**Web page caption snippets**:
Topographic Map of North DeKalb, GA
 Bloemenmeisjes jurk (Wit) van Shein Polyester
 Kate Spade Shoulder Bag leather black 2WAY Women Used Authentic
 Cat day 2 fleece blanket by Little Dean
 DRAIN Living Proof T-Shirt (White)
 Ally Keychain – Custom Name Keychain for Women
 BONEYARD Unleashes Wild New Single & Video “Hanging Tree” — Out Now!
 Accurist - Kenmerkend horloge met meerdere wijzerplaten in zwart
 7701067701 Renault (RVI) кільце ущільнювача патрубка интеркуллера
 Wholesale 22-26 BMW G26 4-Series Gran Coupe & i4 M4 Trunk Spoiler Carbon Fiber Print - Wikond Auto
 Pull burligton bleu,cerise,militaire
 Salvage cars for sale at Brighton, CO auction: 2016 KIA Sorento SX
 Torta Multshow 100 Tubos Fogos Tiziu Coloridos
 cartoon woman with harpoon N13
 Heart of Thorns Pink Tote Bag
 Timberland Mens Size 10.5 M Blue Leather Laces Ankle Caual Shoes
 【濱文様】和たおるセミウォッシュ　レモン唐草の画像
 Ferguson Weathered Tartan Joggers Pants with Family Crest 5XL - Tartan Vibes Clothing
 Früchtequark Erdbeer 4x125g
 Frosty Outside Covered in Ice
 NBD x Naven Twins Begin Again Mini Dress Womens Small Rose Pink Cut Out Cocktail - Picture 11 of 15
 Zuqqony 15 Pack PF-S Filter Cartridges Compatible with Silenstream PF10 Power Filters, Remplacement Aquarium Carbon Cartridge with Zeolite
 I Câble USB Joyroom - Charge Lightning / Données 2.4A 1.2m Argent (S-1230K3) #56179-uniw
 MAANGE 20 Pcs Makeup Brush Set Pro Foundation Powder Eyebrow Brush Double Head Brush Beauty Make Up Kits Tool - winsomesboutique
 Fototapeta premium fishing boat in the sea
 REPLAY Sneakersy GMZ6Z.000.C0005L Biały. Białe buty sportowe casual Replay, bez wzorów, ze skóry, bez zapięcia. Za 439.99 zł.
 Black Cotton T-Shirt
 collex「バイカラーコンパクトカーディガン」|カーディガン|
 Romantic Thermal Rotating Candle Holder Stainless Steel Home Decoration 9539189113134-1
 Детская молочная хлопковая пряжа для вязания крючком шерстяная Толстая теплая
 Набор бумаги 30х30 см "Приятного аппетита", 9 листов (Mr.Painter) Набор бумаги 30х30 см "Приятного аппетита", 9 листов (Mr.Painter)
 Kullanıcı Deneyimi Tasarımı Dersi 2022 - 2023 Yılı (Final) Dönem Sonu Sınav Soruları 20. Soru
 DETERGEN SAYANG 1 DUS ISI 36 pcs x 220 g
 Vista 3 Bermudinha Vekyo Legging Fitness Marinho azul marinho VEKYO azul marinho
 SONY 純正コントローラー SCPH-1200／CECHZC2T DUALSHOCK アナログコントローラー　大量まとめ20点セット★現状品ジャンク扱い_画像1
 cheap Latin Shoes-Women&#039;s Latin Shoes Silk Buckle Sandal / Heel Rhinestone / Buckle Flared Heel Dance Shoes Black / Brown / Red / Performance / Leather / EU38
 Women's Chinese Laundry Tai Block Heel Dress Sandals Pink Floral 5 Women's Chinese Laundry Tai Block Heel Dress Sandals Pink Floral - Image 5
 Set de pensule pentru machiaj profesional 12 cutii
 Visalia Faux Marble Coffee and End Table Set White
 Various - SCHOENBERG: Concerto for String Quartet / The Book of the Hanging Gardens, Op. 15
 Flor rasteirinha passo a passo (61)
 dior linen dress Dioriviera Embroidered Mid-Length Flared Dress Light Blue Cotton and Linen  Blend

**PROBLEM DESCRIPTION**:
Output, and output only, the lines from the one containing "Flor rasteirinha passo a passo (61)" through the last line of the data above.

**SOLUTION TO THE PROBLEM**:
 Flor rasteirinha passo a passo (61)
 dior linen dress Dioriviera Embroidered Mid-Length Flared Dress Light Blue Cotton and Linen  Blend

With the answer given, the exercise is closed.